Jesus Cristo compreendeu esse mistério melhor que qualquer filósofo. Ao falar com Nicodemos, disse:
“Em verdade te digo: quem não nascer de novo, não pode ver o Reino de Deus” (João 3:3).
Nascer de novo não é voltar ao ventre, mas aceitar que somos capazes de nos reconstruir, de sermos refeitos no espírito, ainda que a carne permaneça em constante transformação.
O paradoxo do navio encontra eco nessa verdade: não é a madeira que faz o barco, mas o sopro que o move. Não é a matéria que define o homem, mas a chama interior que o anima.
Jesus também disse:
“Eis que faço novas todas as coisas” (Apocalipse 21:5).
É Ele quem revela que mudança não significa perder-se, mas tornar-se. Cada transformação que vivemos é convite para renascer em algo maior, mais inteiro, mais próximo do amor que nos sustenta.
Podemos, então, olhar para trás e ver as versões que já fomos — o menino, o jovem, o adulto, o ancião. São navios diferentes ou o mesmo navio em viagem? Talvez ambos. Somos a memória guardada e a travessia em curso.
A identidade humana não está nas tábuas que caem ou nas que se erguem em seu lugar. Está naquilo que permanece invisível: no sopro do espírito, na continuidade do propósito, na fidelidade ao chamado interior.
Assim como Cristo não negou a transformação — curando, perdoando, levantando caídos — também nós somos convidados a acolher nossas próprias mudanças. Ele mesmo disse:
“Ninguém deita vinho novo em odres velhos” (Marcos 2:22).
A mudança é inevitável; resistir a ela é impedir que o vinho novo da vida seja derramado em nós.

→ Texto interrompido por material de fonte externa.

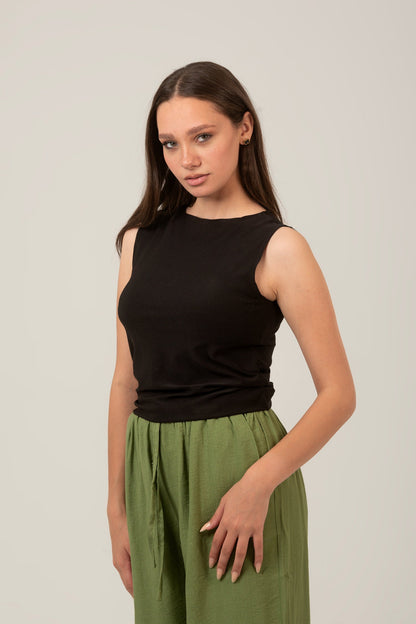 Synthetic Basic Oval Neck Sleeveless Top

Então, talvez não devamos perguntar “quem sou eu?” como se houvesse apenas uma resposta fixa, imóvel no tempo. A questão verdadeira é:
“Quem estou me tornando?”
Entre a permanência e a transformação, navegamos como o navio de Teseu, refeitos a cada dia, mas conduzidos pela mesma essência. E, se a cada ciclo, abrirmos espaço para nascer de novo no amor de Deus, talvez possamos dizer, com toda a certeza:
Sim, sou o mesmo — mas não o mesmo de ontem; sou aquele que se deixa transformar pelo sopro eterno que nunca muda.